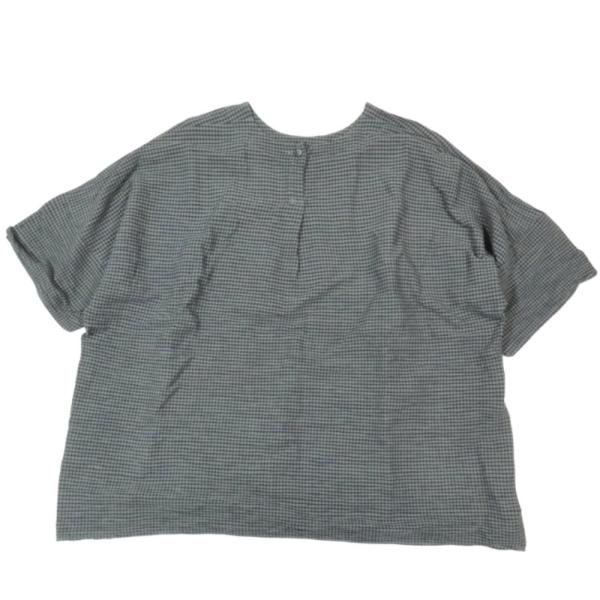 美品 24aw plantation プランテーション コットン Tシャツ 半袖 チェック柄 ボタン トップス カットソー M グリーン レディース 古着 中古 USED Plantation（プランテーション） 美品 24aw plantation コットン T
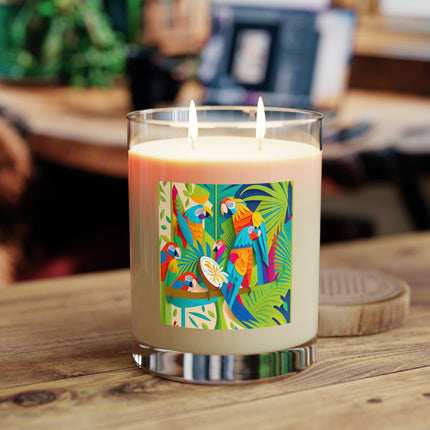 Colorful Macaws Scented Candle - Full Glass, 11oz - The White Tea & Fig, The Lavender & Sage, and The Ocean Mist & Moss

* * *

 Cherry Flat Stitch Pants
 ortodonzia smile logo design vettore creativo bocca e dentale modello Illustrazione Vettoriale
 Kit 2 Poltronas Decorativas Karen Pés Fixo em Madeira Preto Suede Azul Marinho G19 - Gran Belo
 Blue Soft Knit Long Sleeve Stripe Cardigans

- [WHAT YOU SHOULD DO]: Retype, exactly and in full, the lines above from the one containing "Kit 2 Poltronas" through the one containing "Blue Soft Knit Long Sleeve Stripe Cardigans".

- [OUTPUT OF THE TASK]:
 Kit 2 Poltronas Decorativas Karen Pés Fixo em Madeira Preto Suede Azul Marinho G19 - Gran Belo
 Blue Soft Knit Long Sleeve Stripe Cardigans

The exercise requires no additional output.